Excerpted data:
┌──

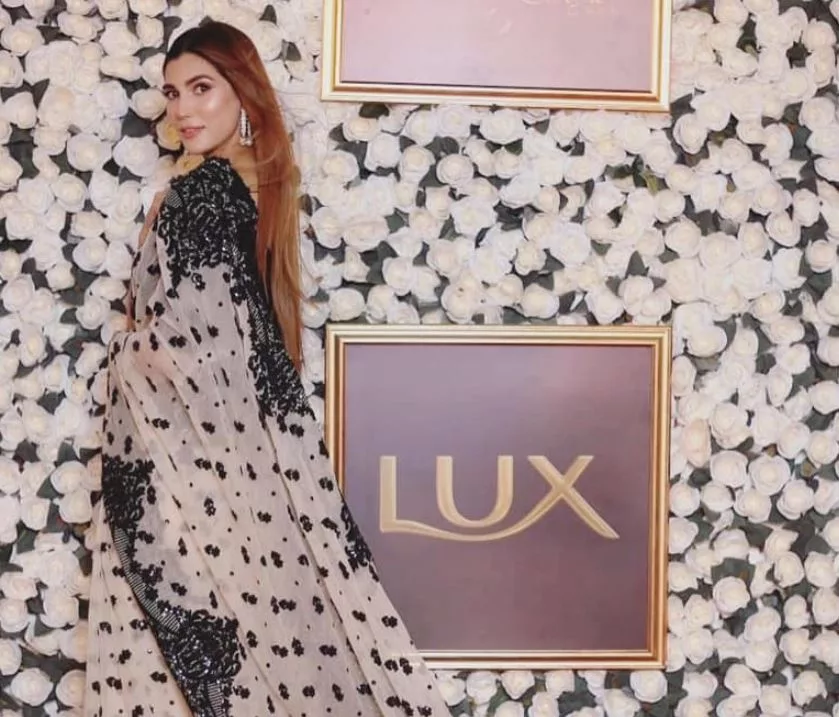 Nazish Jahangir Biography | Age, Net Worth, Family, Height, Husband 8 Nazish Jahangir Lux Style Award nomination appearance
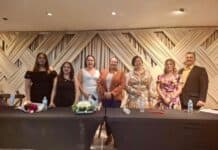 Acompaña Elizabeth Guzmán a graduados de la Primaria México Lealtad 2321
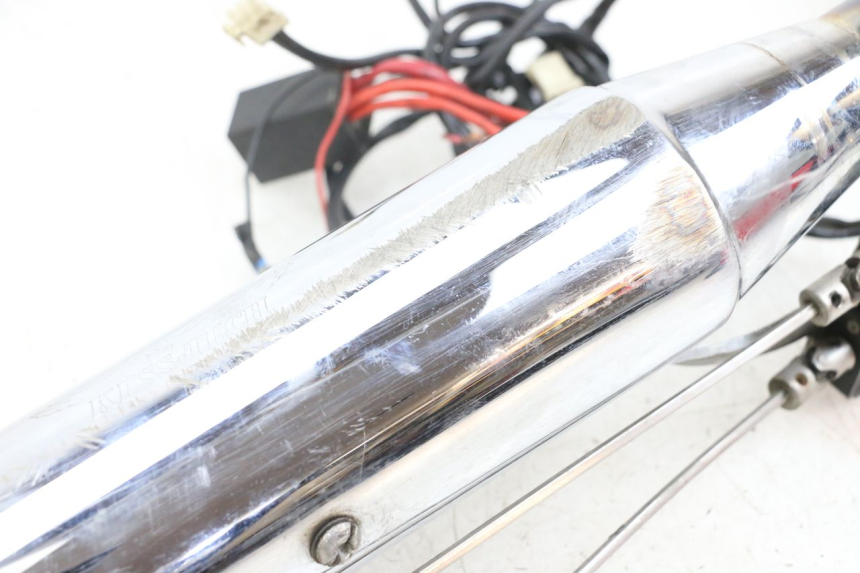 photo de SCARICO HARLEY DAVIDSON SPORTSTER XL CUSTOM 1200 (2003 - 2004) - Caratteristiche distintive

└──
┌──

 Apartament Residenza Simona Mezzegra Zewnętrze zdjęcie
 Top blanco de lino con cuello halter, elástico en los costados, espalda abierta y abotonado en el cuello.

└──
┌──

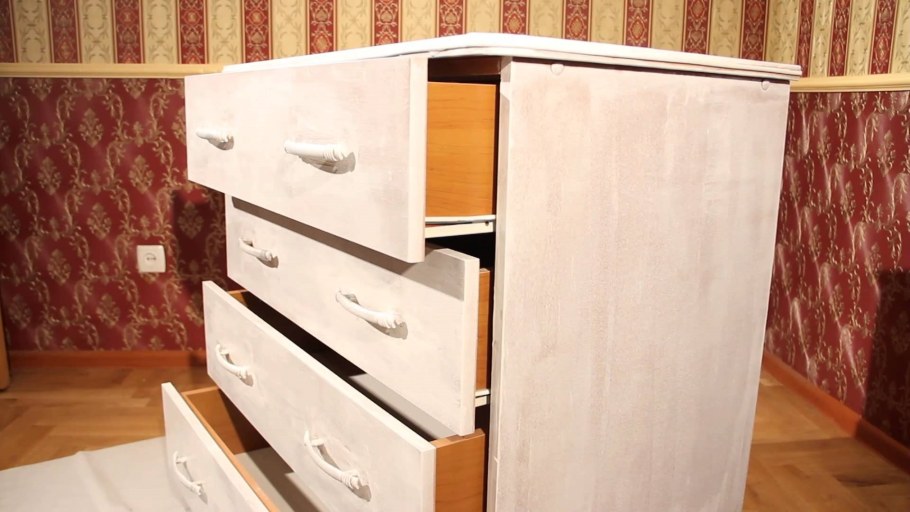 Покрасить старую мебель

└──

Task details: Using the data above, return the lines from the one holding "Nazish Jahangir Biography" through the one holding "photo de SCARICO" exactly, but not the pictures.

Written reply:
 Nazish Jahangir Biography | Age, Net Worth, Family, Height, Husband 8 Nazish Jahangir Lux Style Award nomination appearance
 Acompaña Elizabeth Guzmán a graduados de la Primaria México Lealtad 2321
 photo de SCARICO HARLEY DAVIDSON SPORTSTER XL CUSTOM 1200 (2003 - 2004) - Caratteristiche distintive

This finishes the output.